Finally, after all the hard work of normalizing our data, taking a quick look at it, we get the to fun part: model creation. Will be taking Yelp! reviews and provided asset growth data to predict future asset growth as our only output. This will be accomplished using an LSTM recurrent neural network model with _ layers and _ neurons. These were selected as they yielded the highest accuracy from our experimentation. 

In [1]:
# Need to import some libraries from keras to create our model
# This will involve the use of keras sequential neural network models, layers and rmsprop optimizers

from keras.models import Sequential
from keras import layers
from keras.optimizers import RMSprop


# Now need to define how far back into the data set wqe wish to go, how often we wish to sample,
# and how far into the future we wish to predict 

# Will use all of our data to make future predictions, as such, will use length of time series column 
# since each of the credit unions gave variable historical data (i.e. did not share common report start date)

lookback  = len(time)

# Since we have limited annual data, will sample every year, therefore will use a step of 1

step = 1

# Will start by predicting asset growth one year into the future, and will extend outwards from there

delay  = 1

# The rest is very similar to the creation of the sequential neural network we made during the Warm-Up project
# Quick refresher though, need to define our model with a number of layers, an optimzer function, a loss function, an activation function, and how many layers we want it to be

# Define our model as a sequential one
model = Sequential()

# Add some layers to our model 
model.add(LSTM(32, input_shape=(x_train.shape[1:], y_train.shape[1:]), return_sequences = True))
model.add(layers.Dense(32, activation = 'relu'))
model.add(layers.Dense(1))

# Now compile our model with optimizer and loss functions, no metric for this one though
model.compile(optimizer = RMSprop(), loss = 'mae')
history =  model.fit_generator(x_train,
                               y_train,
                               steps_per_epoch = 5,
                               epochs = 1,
                               validation_data = (x_val, y_val))

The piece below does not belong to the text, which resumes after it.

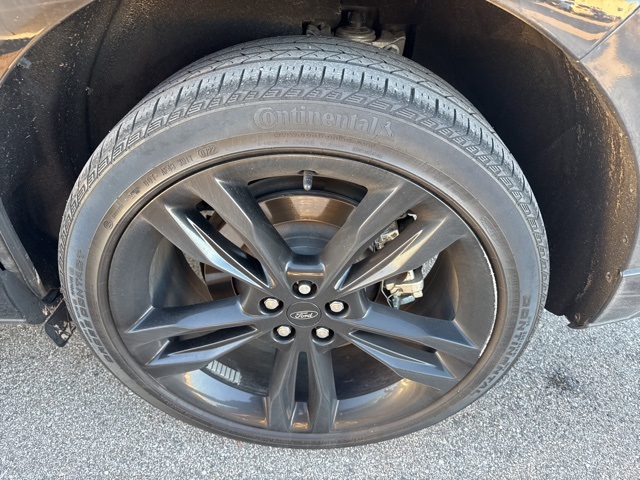 2022 Ford Edge ST photo 4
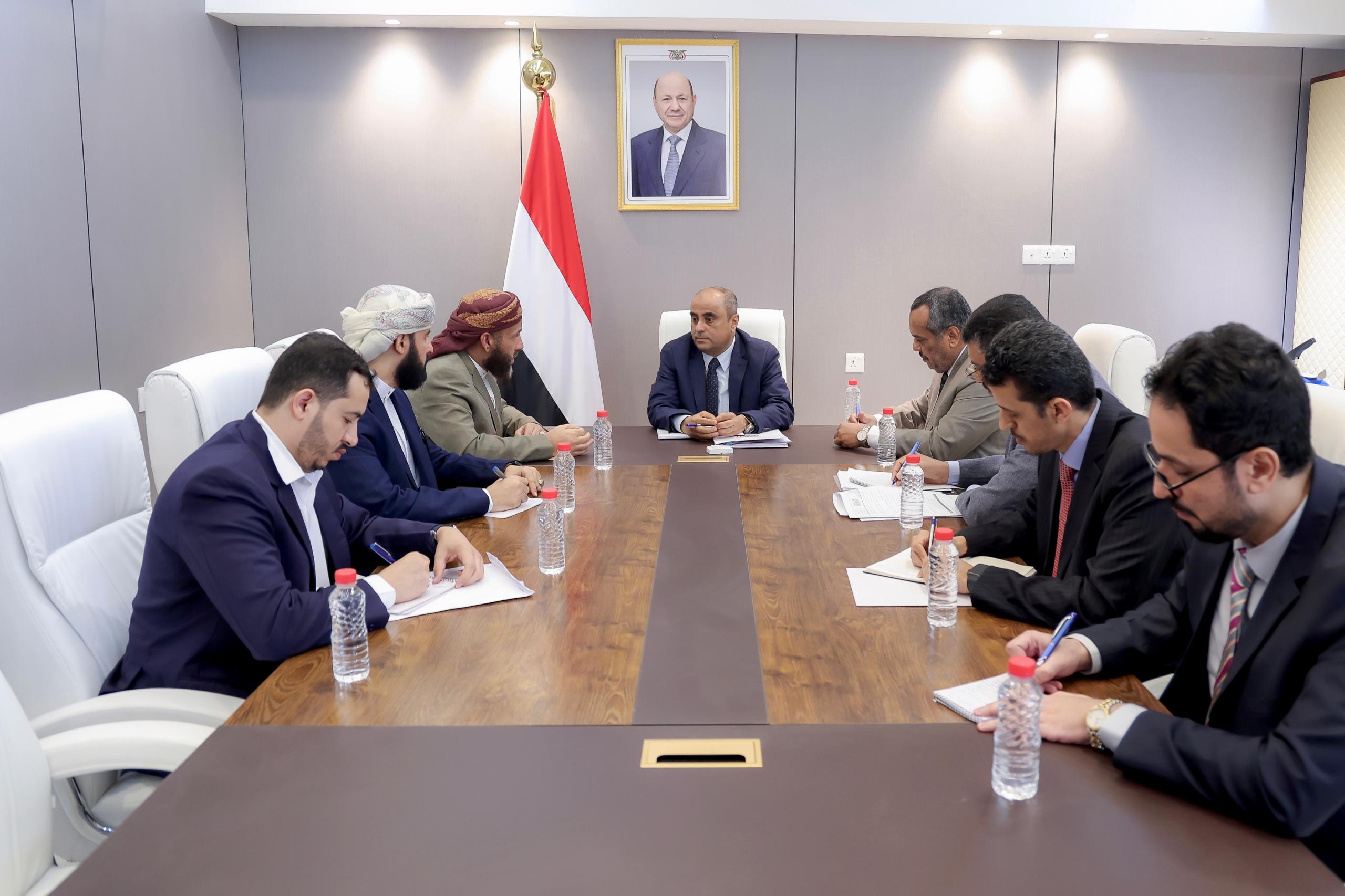 رئيس الوزراء يوبّخ وزارة الأوقاف ويطالب بإصلاح جذري في ملف الحج والعمرة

# Before we go any further, some important notes to make here. Will do that below in the "Model Notes" block

  from ._conv import register_converters as _register_converters
Using TensorFlow backend.


NameError: name 'lookback' is not defined

## Model Notes

1. Could have used other activation functions, 'relu' is a pretty popular one, but could use the likes of 'selu' and 'sigmoid'.

2. The number of layers we add is completely arbitrary and is usually driven by experimenting with the model to see what works the best for the project.

3. The number of epochs is another great place to play around. This is primarily due to wanting to avoid overfitting, which can happen by having too many training epochs. As such, should play around and see how many epochs yields the best result for the model.

4. The optimizer function is another area to play around as RMSprop may not always be the best choice for the project at hand.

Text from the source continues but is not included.